■ **Problem details**
Using the records below, write out only the lines from the line containing "IBM Selectric typewriter" up to and including the line containing "Festival stage under", exactly, with no pictures.

■ **Excerpted records**
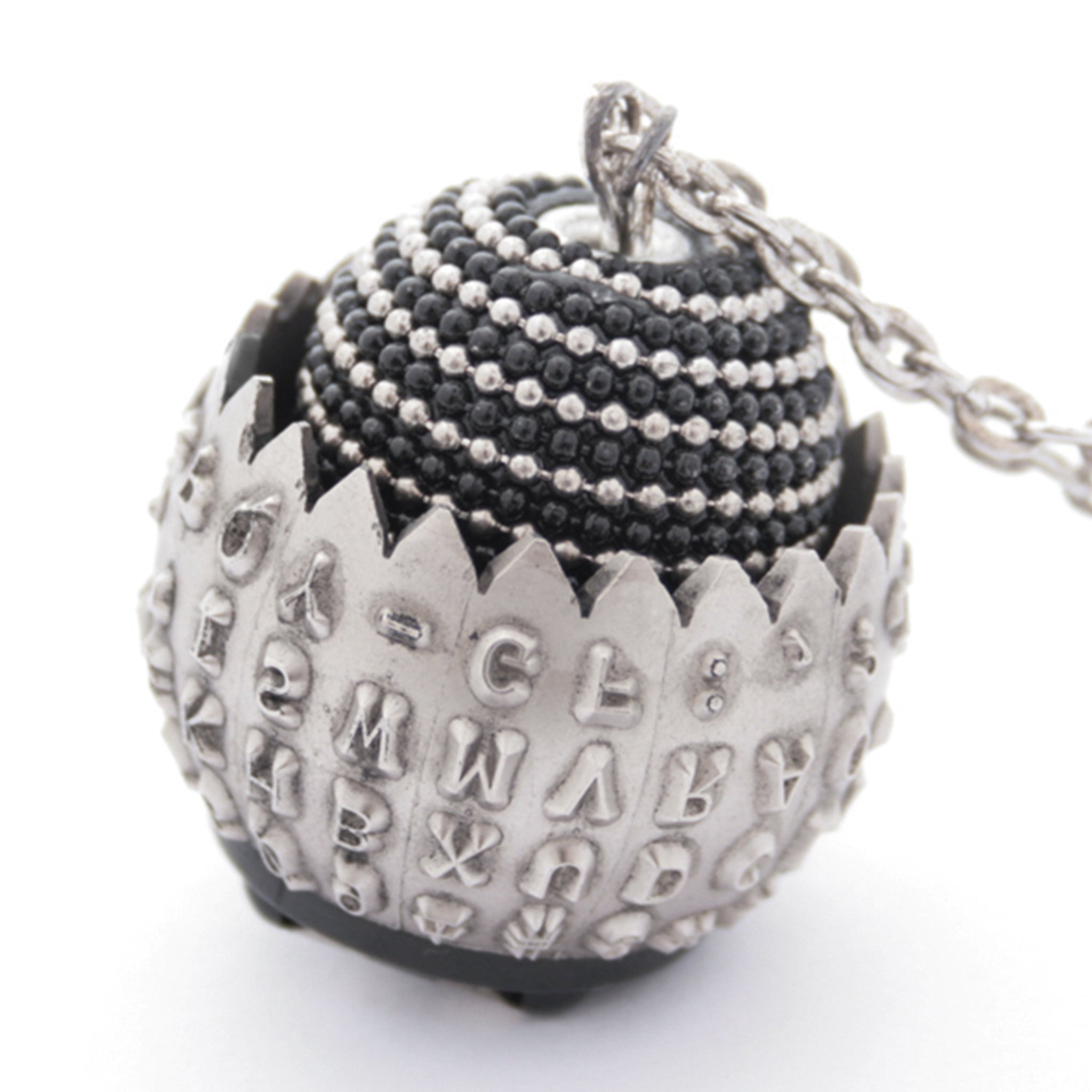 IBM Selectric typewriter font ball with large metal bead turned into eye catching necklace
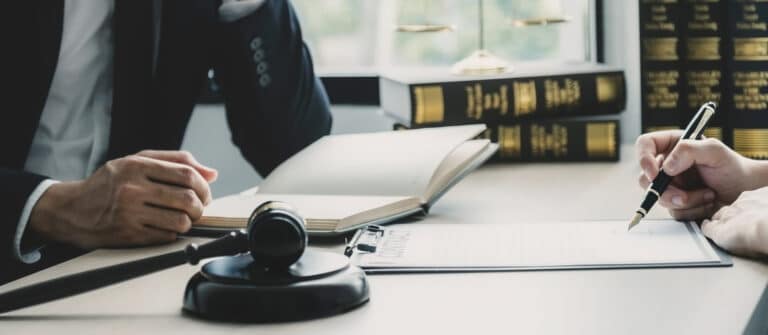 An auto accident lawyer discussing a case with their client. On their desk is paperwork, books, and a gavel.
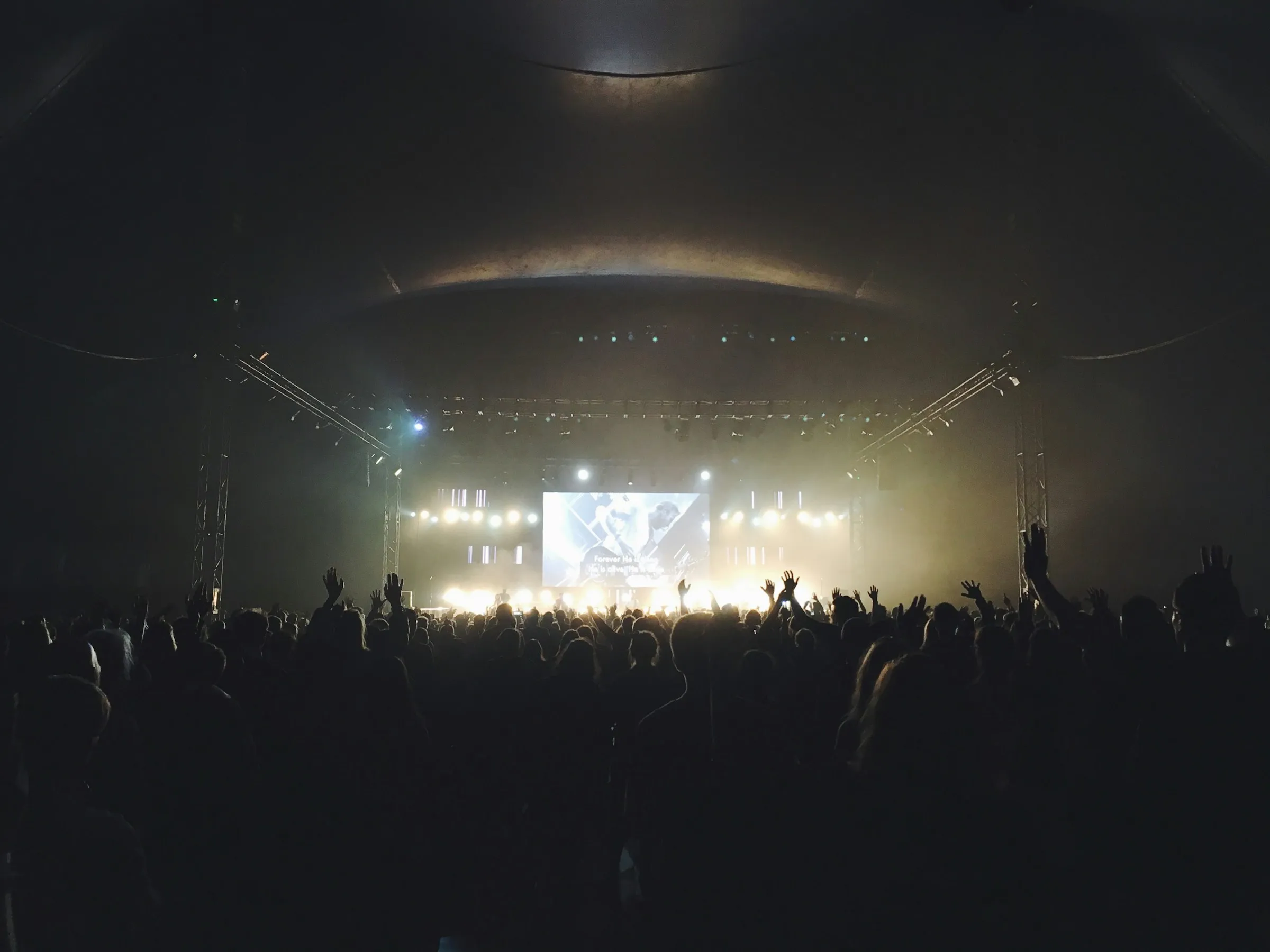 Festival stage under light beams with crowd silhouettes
---
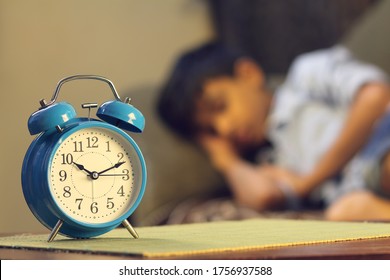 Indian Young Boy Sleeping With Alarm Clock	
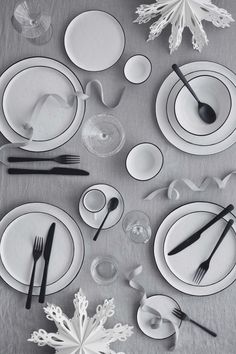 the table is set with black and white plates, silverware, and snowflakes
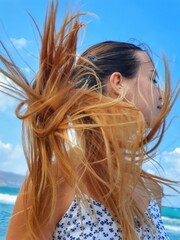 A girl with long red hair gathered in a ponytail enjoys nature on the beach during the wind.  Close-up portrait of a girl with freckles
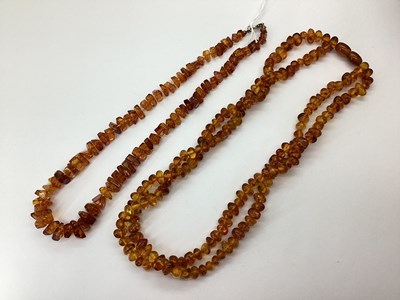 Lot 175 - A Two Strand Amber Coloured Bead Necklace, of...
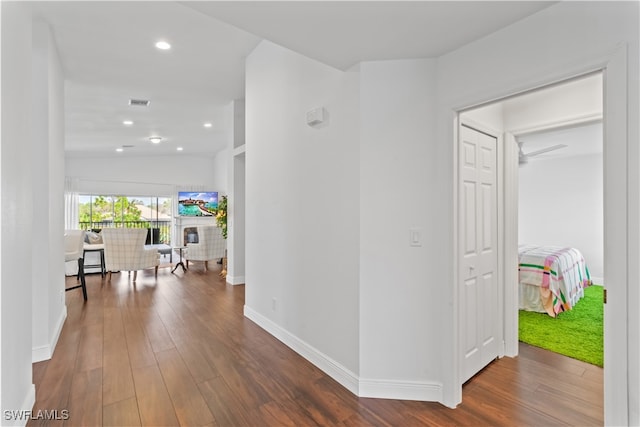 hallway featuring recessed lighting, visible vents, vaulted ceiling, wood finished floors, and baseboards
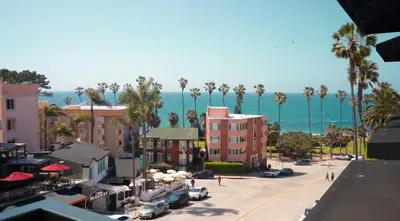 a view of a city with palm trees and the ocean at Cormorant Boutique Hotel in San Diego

■ **Task result**
 IBM Selectric typewriter font ball with large metal bead turned into eye catching necklace
 An auto accident lawyer discussing a case with their client. On their desk is paperwork, books, and a gavel.
 Festival stage under light beams with crowd silhouettes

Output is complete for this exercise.